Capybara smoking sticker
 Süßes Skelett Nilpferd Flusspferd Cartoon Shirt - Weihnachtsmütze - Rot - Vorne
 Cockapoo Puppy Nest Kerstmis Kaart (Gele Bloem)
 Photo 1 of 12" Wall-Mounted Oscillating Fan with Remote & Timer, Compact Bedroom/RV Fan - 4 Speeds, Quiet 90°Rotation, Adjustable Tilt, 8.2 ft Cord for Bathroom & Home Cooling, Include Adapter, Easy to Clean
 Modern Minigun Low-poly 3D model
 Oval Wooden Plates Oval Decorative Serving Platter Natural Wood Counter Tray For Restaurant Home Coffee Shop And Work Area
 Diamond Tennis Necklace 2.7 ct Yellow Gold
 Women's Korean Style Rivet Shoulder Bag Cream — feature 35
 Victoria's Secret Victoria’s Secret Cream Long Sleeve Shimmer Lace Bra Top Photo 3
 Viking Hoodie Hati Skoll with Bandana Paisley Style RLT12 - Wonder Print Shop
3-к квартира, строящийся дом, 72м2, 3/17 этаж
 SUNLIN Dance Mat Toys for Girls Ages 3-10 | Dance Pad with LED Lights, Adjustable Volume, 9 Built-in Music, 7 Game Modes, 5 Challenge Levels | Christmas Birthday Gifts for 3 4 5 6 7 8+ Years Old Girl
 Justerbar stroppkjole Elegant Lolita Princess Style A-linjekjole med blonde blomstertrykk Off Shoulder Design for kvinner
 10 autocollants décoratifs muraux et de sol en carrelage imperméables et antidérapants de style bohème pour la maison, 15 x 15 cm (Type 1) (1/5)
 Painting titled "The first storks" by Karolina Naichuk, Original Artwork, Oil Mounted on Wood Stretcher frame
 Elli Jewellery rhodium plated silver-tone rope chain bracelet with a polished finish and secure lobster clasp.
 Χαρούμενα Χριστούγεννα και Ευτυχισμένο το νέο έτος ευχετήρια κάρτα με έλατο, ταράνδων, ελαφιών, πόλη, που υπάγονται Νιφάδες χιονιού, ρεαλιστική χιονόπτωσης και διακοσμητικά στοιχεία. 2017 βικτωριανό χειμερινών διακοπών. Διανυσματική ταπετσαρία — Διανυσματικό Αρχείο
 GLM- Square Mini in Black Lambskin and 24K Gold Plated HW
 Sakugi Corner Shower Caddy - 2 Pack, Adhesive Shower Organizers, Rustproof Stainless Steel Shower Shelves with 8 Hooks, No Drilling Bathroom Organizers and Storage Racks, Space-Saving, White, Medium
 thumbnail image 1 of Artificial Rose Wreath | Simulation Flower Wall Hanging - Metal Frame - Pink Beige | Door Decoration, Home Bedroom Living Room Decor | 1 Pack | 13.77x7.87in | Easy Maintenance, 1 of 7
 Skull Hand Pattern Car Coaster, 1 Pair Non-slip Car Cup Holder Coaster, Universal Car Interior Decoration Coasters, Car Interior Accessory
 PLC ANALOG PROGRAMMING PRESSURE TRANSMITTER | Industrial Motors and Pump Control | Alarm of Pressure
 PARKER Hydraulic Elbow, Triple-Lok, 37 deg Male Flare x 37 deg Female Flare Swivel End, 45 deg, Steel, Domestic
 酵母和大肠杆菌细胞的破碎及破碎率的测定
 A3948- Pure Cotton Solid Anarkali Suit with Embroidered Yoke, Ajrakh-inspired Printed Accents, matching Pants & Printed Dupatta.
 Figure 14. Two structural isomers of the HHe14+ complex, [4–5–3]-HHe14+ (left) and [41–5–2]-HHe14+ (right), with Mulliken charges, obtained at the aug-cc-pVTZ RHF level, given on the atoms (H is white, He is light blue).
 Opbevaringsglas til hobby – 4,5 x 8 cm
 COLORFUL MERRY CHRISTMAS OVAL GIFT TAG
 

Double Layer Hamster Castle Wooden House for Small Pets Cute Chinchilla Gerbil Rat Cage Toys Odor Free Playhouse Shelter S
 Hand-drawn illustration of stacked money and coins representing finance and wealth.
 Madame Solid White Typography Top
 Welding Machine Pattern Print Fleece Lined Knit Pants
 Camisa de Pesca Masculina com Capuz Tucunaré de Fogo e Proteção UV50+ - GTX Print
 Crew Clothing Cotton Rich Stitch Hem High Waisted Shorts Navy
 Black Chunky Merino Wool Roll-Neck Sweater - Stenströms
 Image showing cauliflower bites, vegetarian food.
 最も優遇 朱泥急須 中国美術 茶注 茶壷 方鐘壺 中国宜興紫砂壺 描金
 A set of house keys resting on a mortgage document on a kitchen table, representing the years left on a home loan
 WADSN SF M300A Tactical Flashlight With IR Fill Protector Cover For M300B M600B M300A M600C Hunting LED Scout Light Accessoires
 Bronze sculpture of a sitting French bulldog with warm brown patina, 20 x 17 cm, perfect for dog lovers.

——

**YOUR ASSIGNMENT:** Your answer should be exactly the lines of the data above, from the first through the line containing "Sakugi Corner Shower".

**REPLY:**
Capybara smoking sticker
 Süßes Skelett Nilpferd Flusspferd Cartoon Shirt - Weihnachtsmütze - Rot - Vorne
 Cockapoo Puppy Nest Kerstmis Kaart (Gele Bloem)
 Photo 1 of 12" Wall-Mounted Oscillating Fan with Remote & Timer, Compact Bedroom/RV Fan - 4 Speeds, Quiet 90°Rotation, Adjustable Tilt, 8.2 ft Cord for Bathroom & Home Cooling, Include Adapter, Easy to Clean
 Modern Minigun Low-poly 3D model
 Oval Wooden Plates Oval Decorative Serving Platter Natural Wood Counter Tray For Restaurant Home Coffee Shop And Work Area
 Diamond Tennis Necklace 2.7 ct Yellow Gold
 Women's Korean Style Rivet Shoulder Bag Cream — feature 35
 Victoria's Secret Victoria’s Secret Cream Long Sleeve Shimmer Lace Bra Top Photo 3
 Viking Hoodie Hati Skoll with Bandana Paisley Style RLT12 - Wonder Print Shop
3-к квартира, строящийся дом, 72м2, 3/17 этаж
 SUNLIN Dance Mat Toys for Girls Ages 3-10 | Dance Pad with LED Lights, Adjustable Volume, 9 Built-in Music, 7 Game Modes, 5 Challenge Levels | Christmas Birthday Gifts for 3 4 5 6 7 8+ Years Old Girl
 Justerbar stroppkjole Elegant Lolita Princess Style A-linjekjole med blonde blomstertrykk Off Shoulder Design for kvinner
 10 autocollants décoratifs muraux et de sol en carrelage imperméables et antidérapants de style bohème pour la maison, 15 x 15 cm (Type 1) (1/5)
 Painting titled "The first storks" by Karolina Naichuk, Original Artwork, Oil Mounted on Wood Stretcher frame
 Elli Jewellery rhodium plated silver-tone rope chain bracelet with a polished finish and secure lobster clasp.
 Χαρούμενα Χριστούγεννα και Ευτυχισμένο το νέο έτος ευχετήρια κάρτα με έλατο, ταράνδων, ελαφιών, πόλη, που υπάγονται Νιφάδες χιονιού, ρεαλιστική χιονόπτωσης και διακοσμητικά στοιχεία. 2017 βικτωριανό χειμερινών διακοπών. Διανυσματική ταπετσαρία — Διανυσματικό Αρχείο
 GLM- Square Mini in Black Lambskin and 24K Gold Plated HW
 Sakugi Corner Shower Caddy - 2 Pack, Adhesive Shower Organizers, Rustproof Stainless Steel Shower Shelves with 8 Hooks, No Drilling Bathroom Organizers and Storage Racks, Space-Saving, White, Medium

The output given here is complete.